DATASET EXTRACT:

++++++++++

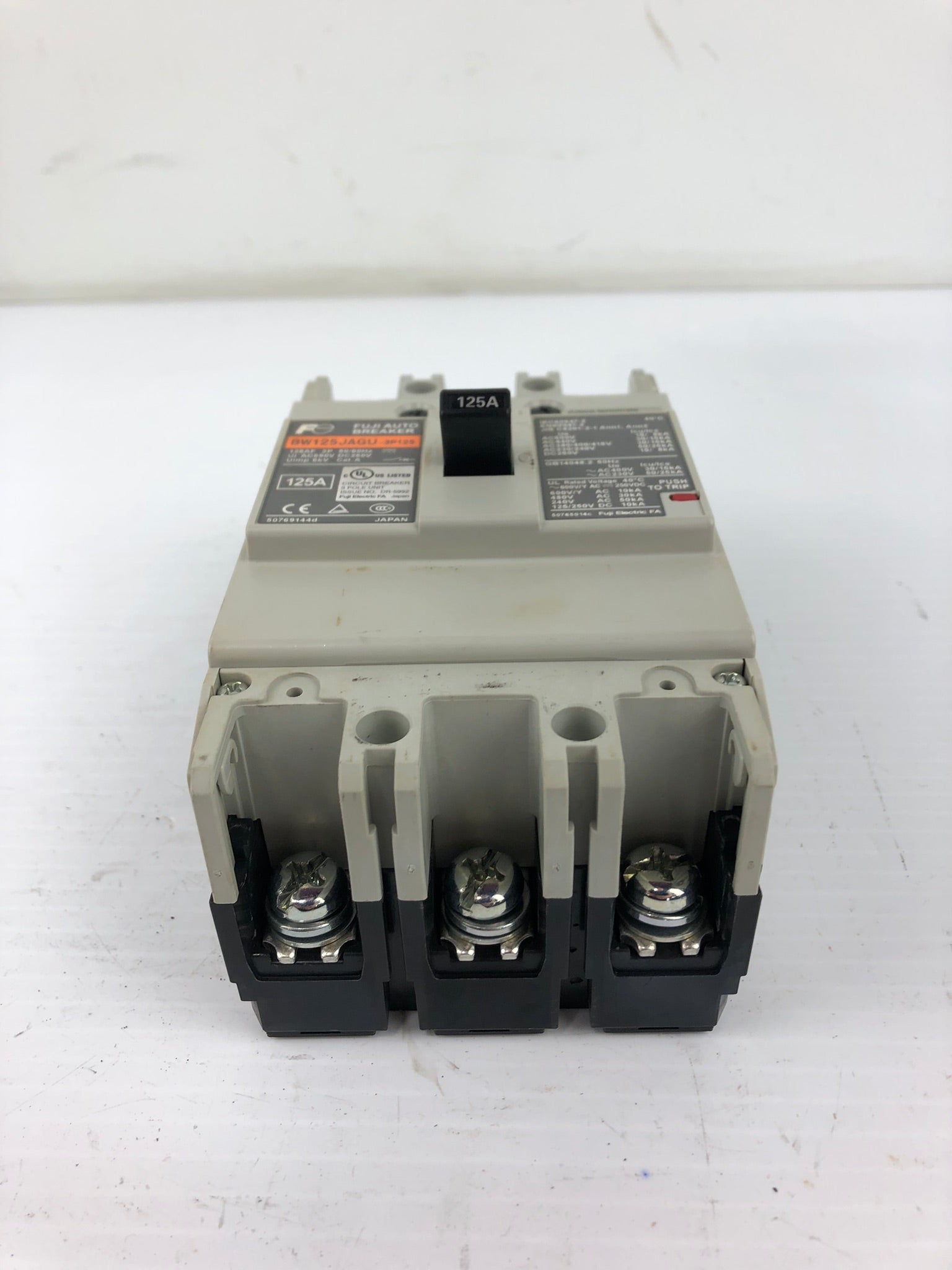Fuji Electric BW125JAGU-3P125 Circuit Breaker 125A 3P 50/60Hz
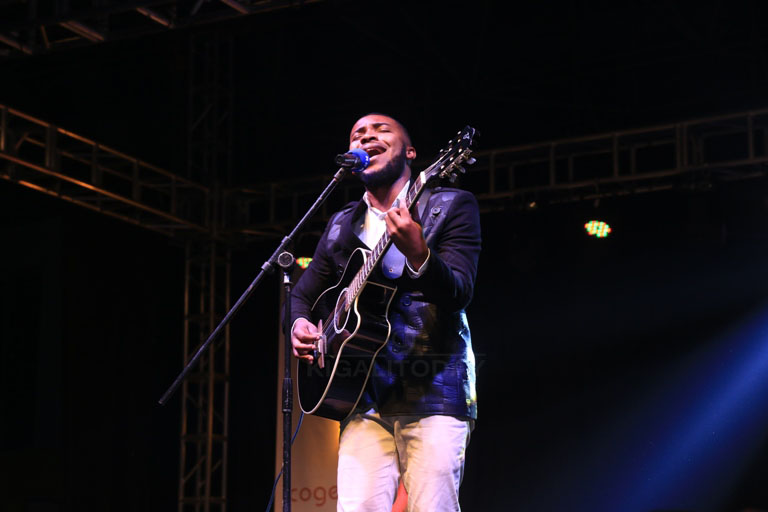 Umuririmbyi Hope nawe yasusurukije abitabiriye ibirori byo gutoranya abakobwa 15 batanira ikamba rya Miss Rwanda 2017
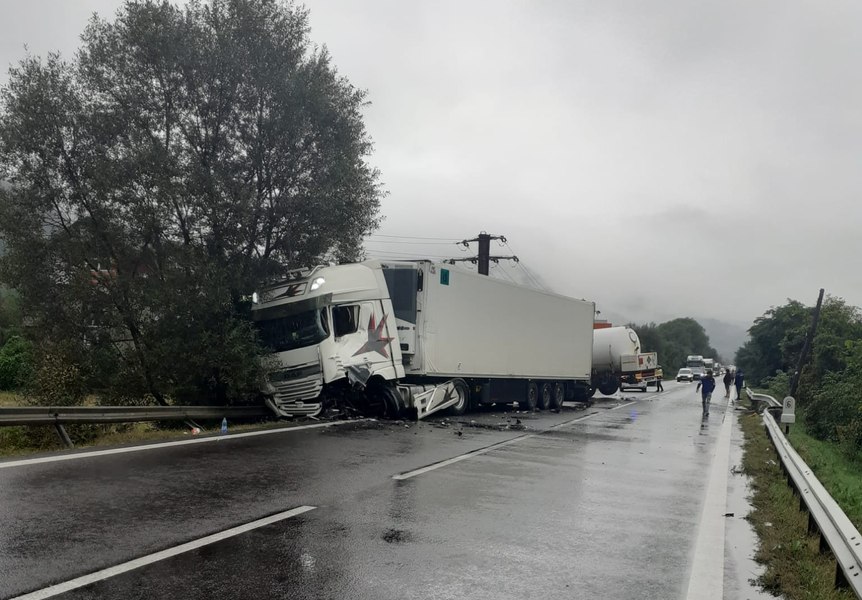 Trafic blocat pe DN7: o cisternă încărcată cu GPL s-a ciocnit cu un camion. Zona a fost evacuată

++++++++++

TASK: When you copy the data, keep every line exact and drop the pictures.

SOLUTION TO THIS TASK:
Fuji Electric BW125JAGU-3P125 Circuit Breaker 125A 3P 50/60Hz
 Umuririmbyi Hope nawe yasusurukije abitabiriye ibirori byo gutoranya abakobwa 15 batanira ikamba rya Miss Rwanda 2017
 Trafic blocat pe DN7: o cisternă încărcată cu GPL s-a ciocnit cu un camion. Zona a fost evacuată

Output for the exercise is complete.